Moving Poetry by Dr. Julian Ungar-Sargon

Age-ing

Julian Ungar-Sargon April 8, 2010

Now 60

do I have experience?

Authority?

to speak about ageing?

Watching the goings on at my Seder table

the oldest one present

I remain observing,

tired and jet lagged,

more souninterested

in the background jibber jabber

but also the Holy words of smart Torah

of the young ones.

No I am tired

even of the expected inspiration

which comes now

so rarely

and yearn for the quiet of the night

with George, coffee and a good cigar

speaking of aging and suffering and the Schechinah

and baffled why God would still wish this.

Only those who awake to cry and mourn for Her

Interest me now

For I too have joined the ranks of the weary and begin to

understand how She could possibly remain sane

After so many centuries of bloodshed and torture

And still believe in man.

Will I too wilt and lose memory like Dad?

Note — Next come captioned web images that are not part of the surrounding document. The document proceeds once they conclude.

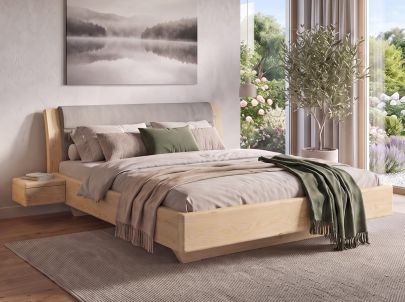 Eschenbett „Cloe“ in 180 x 200 cm mit 2 Nachttischen mit Griffleiste B und Stoffkopfteil - Stoff: Schafschurwolle „Loden“ in der Farbe Anthrazit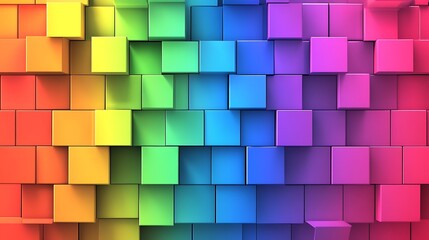 Obraz premium Abstract Rainbow Colored Cubes Background Design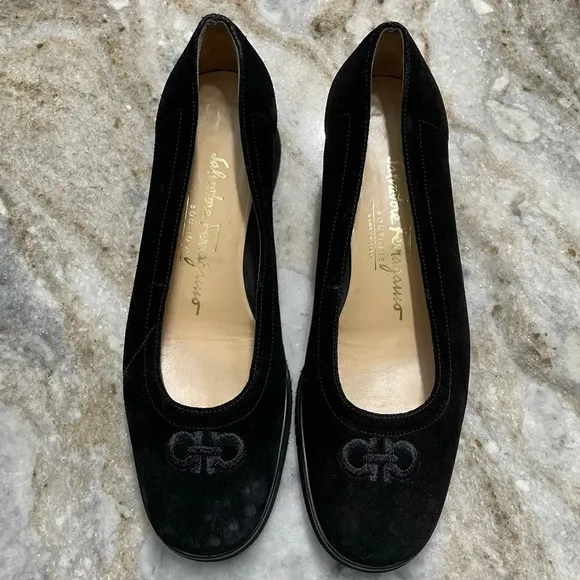 Salvatore Ferragamo Black Suede Shoes Embroidered Logo UK 5 1/2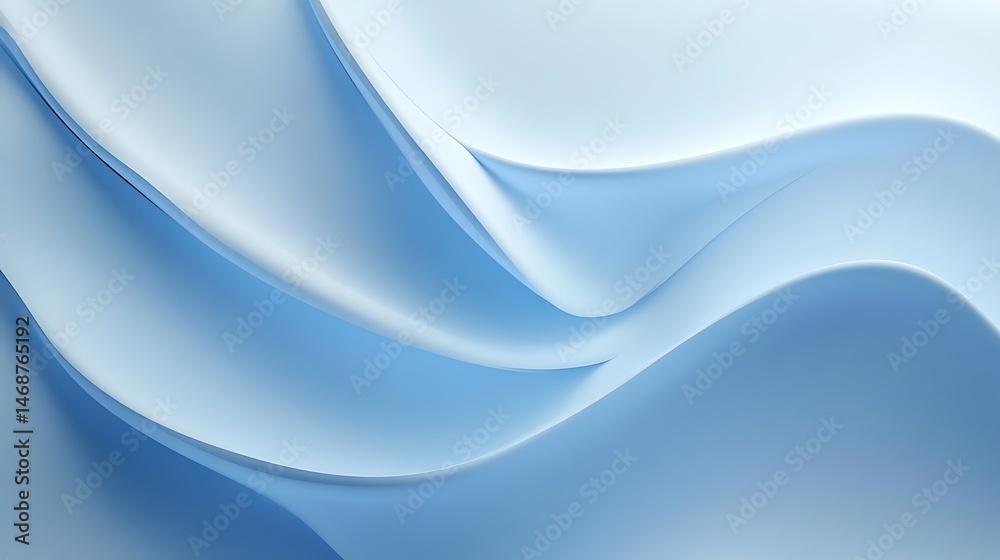 Smooth, light blue, flowing, abstract, 3D, surface design. Smooth, light blue, flowing, abstract, 3D, surface design.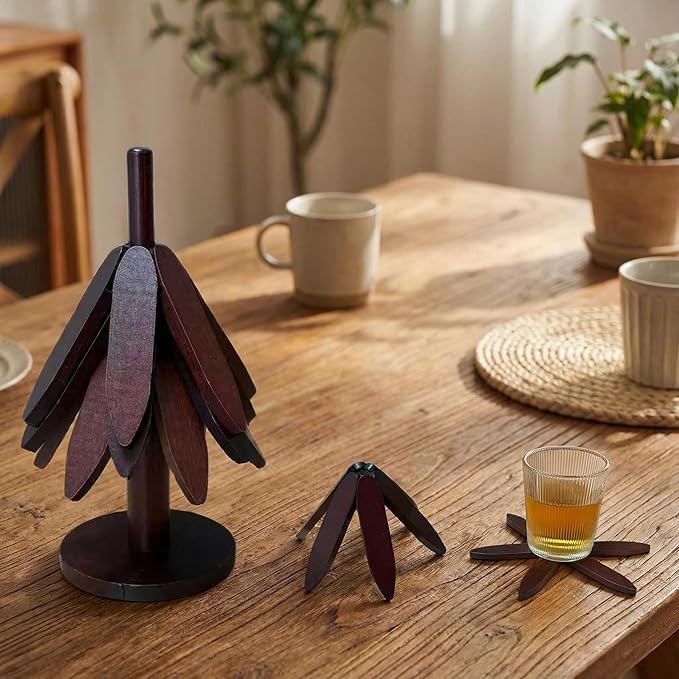 Tree Shape Trivet Set,Natural Wooden Walnut Color,5 Wooden Trivets + 1 Stand for Hot POTS、Bowls、Hot Dishes、Teapot，Foldable Kitchen Decor.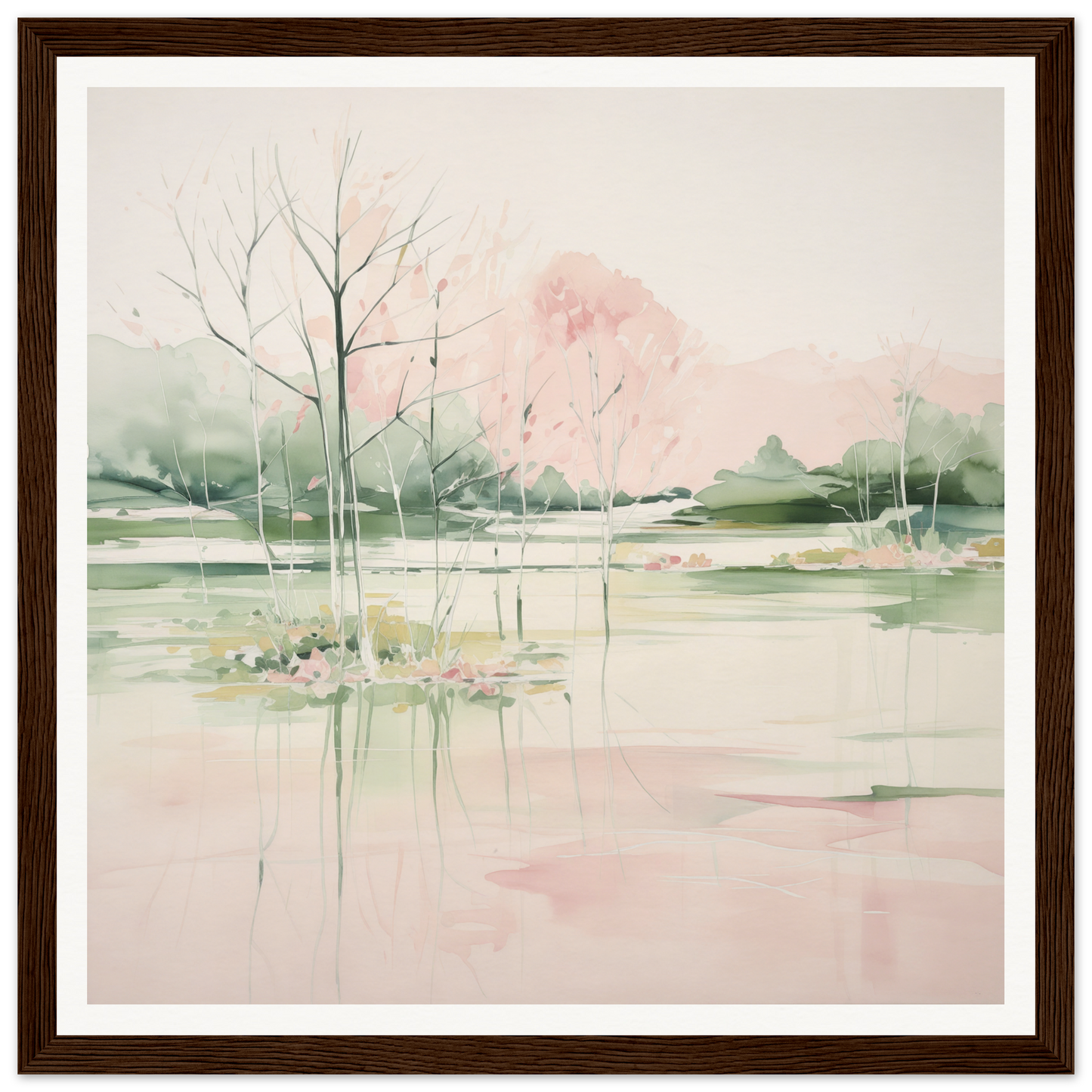 Delicate watercolor landscape with trees and reflection, perfect for nursery wall art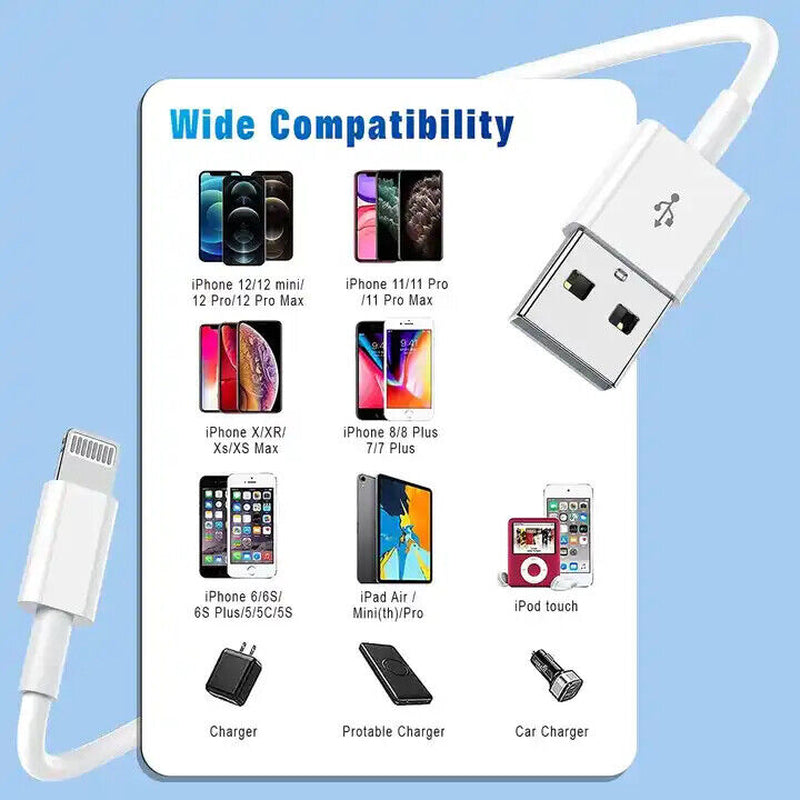 USB Cable for Apple Iphone Fast Charger Sync 5 6 7 8 X XS XR 11 12 13 14 Ipad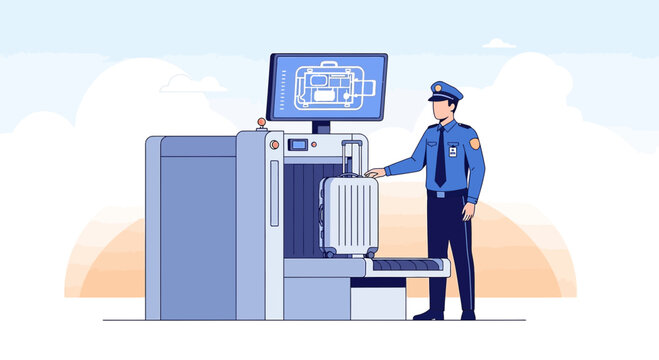 Airport Security Scanner: Officer Checks Luggage, X-ray Machine, Travel Safety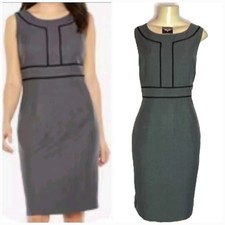 Evan Picone Black Label Gray Black Piping Sleeveless Sheath  Dress ~ 6 M3020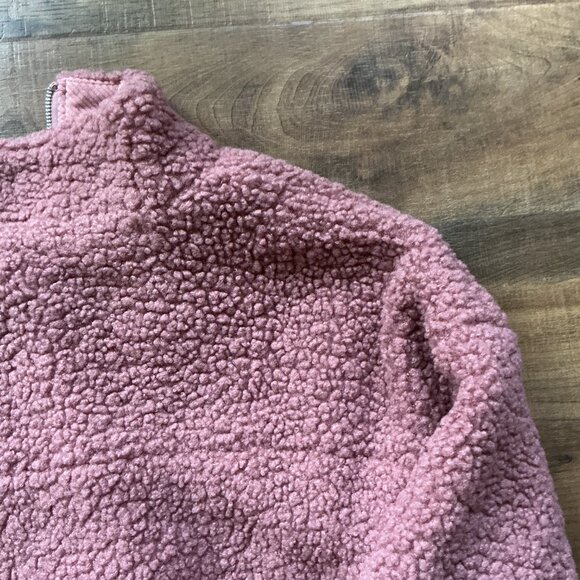 Plush Sherpa Zip-Up Jacket – Mauve Pink Teddy Fleece with Corduroy Pocket | Size - Picture 5 of 5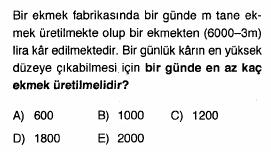 100 YTL ve birim başına satış fiyatı 100-x YTL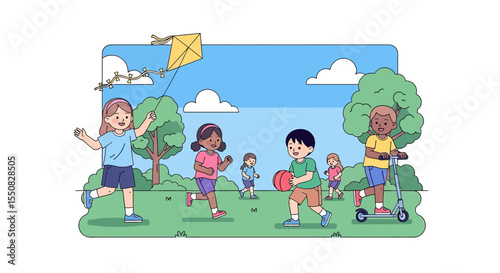 Adobe illustrator artwork vector illustration of a lively summer park scene where diverse kids enjoy various outdoor activities like playing in a treehouse, jumping rope, and exploring nature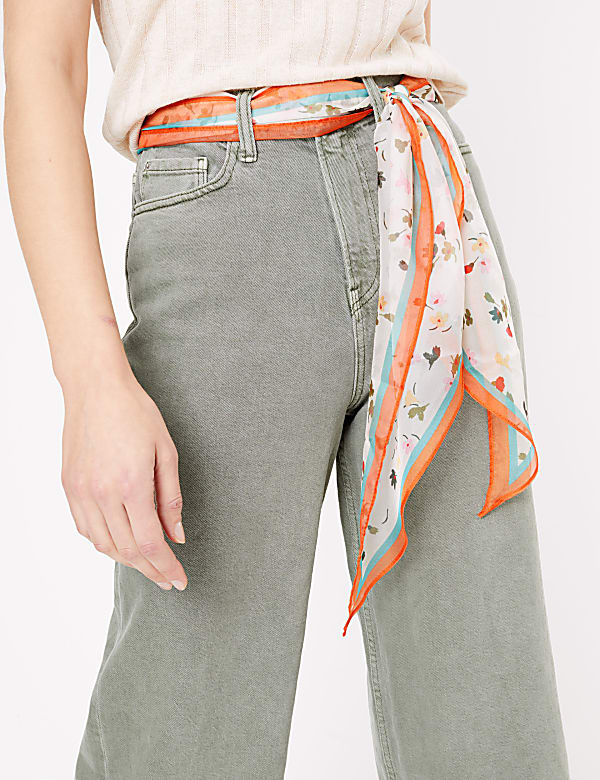 High Waisted Scarf Belt Wide Leg Jeans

and watch the slow decline with horror?

Oh the tragedy of it all

and I am part of the medical pharmaceutical industrial

machine that keeps them alive

participating in the grieving children of the stricken

with words of neurological wisdom.

So many ageing patients this trip

ill and stroked out

children looking for a sign a signal of possible return to

former glory

looking to me for what miracle?

I am so broken already by the sheer moral weight of

patient after patient

on ventilators in Herzog Hospital’s ward

a manifest desire

to fulfill some social and theological dictum called ‘sanctity

of life values’

But these comatose poor souls hang on

one by one

clinging to life

despite loss of

despite absence of

despite possible hope for return of…

But there is light…

the walks in the forest with my grandchildren

the talk and the infant banter

this wakes me up from the depression

and the sweet Jerusalem air

perfumed by the pine conespine

cones they pick up to paint for mother

as they ask me why trees bend down

and I tell them of young sapling trees like them

then taller parent trees- bending grandparent trees and

finally trees bent over with age which break and fall.

He stares at the tree stumps trying to figure out why?

“They break and are absorbed into the ground.”

I tell him

“Why are you not in the ground Dada?” he asks

I must look ancient to this 3 year old!

But the question allows me a space to see my aging

without terror

without a sense of loss

without a feeling of fatigue over the annual rituals.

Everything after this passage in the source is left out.